Remove outliers from correlation coefficient calculation

24,381

Solution 1

If you really want to do this (remove the largest (absolute) residuals), then we can employ the linear model to estimate the least squares solution and associated residuals and then select the middle n% of the data. Here is an example:

Firstly, generate some dummy data:

require(MASS) ## for mvrnorm()
set.seed(1)
dat <- mvrnorm(1000, mu = c(4,5), Sigma = matrix(c(1,0.8,1,0.8), ncol = 2))
dat <- data.frame(dat)
names(dat) <- c("X","Y")
plot(dat)

Next, we fit the linear model and extract the residuals:

res <- resid(mod <- lm(Y ~ X, data = dat))

The quantile() function can give us the required quantiles of the residuals. You suggested retaining 90% of the data, so we want the upper and lower 0.05 quantiles:

res.qt <- quantile(res, probs = c(0.05,0.95))

Select those observations with residuals in the middle 90% of the data:

want <- which(res >= res.qt[1] & res <= res.qt[2])

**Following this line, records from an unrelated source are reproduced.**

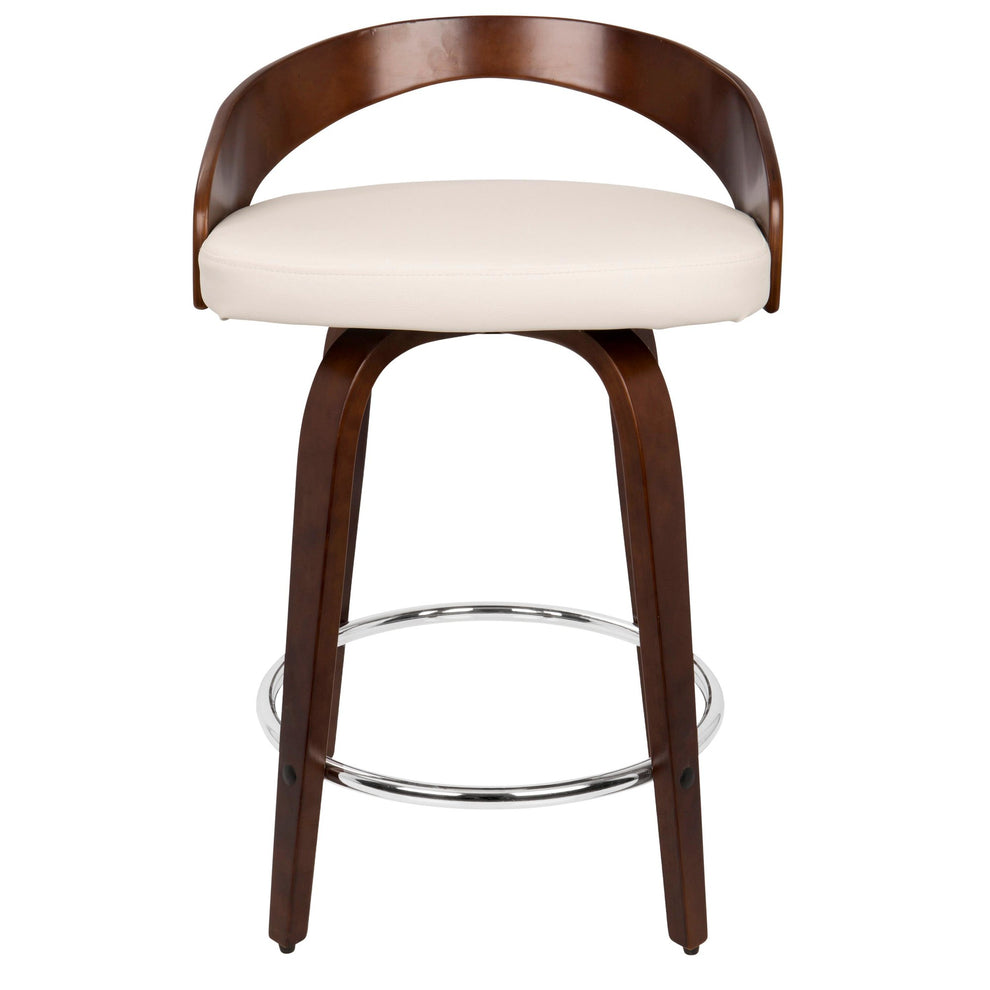 LumiSource Grotto Counter Stool - Set of 2-4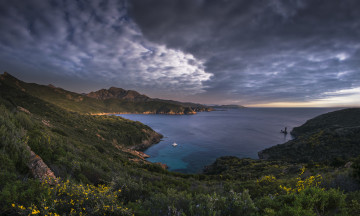 Картинка природа побережье берег море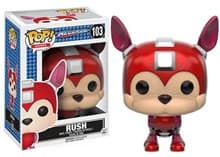 Mega Man: Rush - Pop! Vinyl - Funko card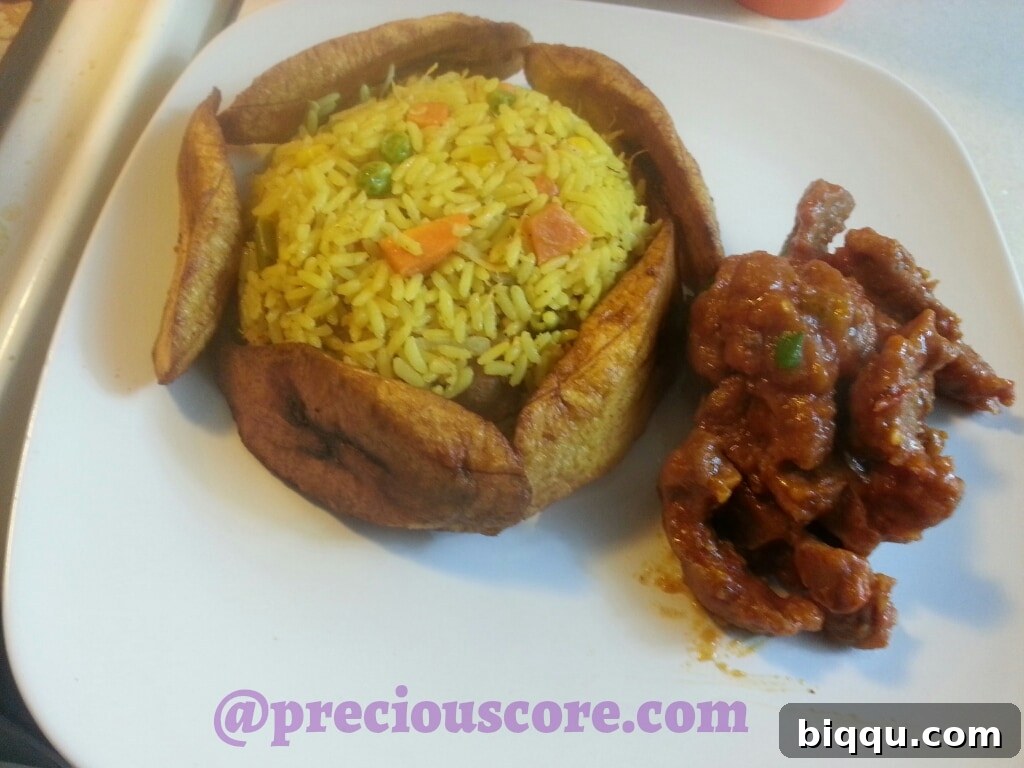 Gizzards served with rice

We can then visualise this, with the red points being those we will retain:

plot(dat, type = "n")
points(dat[-want,], col = "black", pch = 21, bg = "black", cex = 0.8)
points(dat[want,], col = "red", pch = 21, bg = "red", cex = 0.8)
abline(mod, col = "blue", lwd = 2)

The plot produced from the dummy data showing the selected points with the smallest residuals

The correlations for the full data and the selected subset are:

> cor(dat)
          X         Y
X 1.0000000 0.8935235
Y 0.8935235 1.0000000
> cor(dat[want,])
          X         Y
X 1.0000000 0.9272109
Y 0.9272109 1.0000000
> cor(dat[-want,])
         X        Y
X 1.000000 0.739972
Y 0.739972 1.000000

Be aware that here we might be throwing out perfectly good data, because we just choose the 5% with largest positive residuals and 5% with the largest negative. An alternative is to select the 90% with smallest absolute residuals:

ares <- abs(res)
absres.qt <- quantile(ares, prob = c(.9))
abswant <- which(ares <= absres.qt)
## plot - virtually the same, but not quite
plot(dat, type = "n")
points(dat[-abswant,], col = "black", pch = 21, bg = "black", cex = 0.8)
points(dat[abswant,], col = "red", pch = 21, bg = "red", cex = 0.8)
abline(mod, col = "blue", lwd = 2)

With this slightly different subset, the correlation is slightly lower:

> cor(dat[abswant,])
          X         Y
X 1.0000000 0.9272032
Y 0.9272032 1.0000000

Another point is that even then we are throwing out good data. You might want to look at Cook's distance as a measure of the strength of the outliers, and discard only those values above a certain threshold Cook's distance. Wikipedia has info on Cook's distance and proposed thresholds. The cooks.distance() function can be used to retrieve the values from mod:

> head(cooks.distance(mod))
           1            2            3            4            5            6 
7.738789e-04 6.056810e-04 6.375505e-04 4.338566e-04 1.163721e-05 1.740565e-03

and if you compute the threshold(s) suggested on Wikipedia and remove only those that exceed the threshold. For these data:

> any(cooks.distance(mod) > 1)
[1] FALSE
> any(cooks.distance(mod) > (4 * nrow(dat)))
[1] FALSE

none of the Cook's distances exceed the proposed thresholds (not surprising given the way I generated the data.)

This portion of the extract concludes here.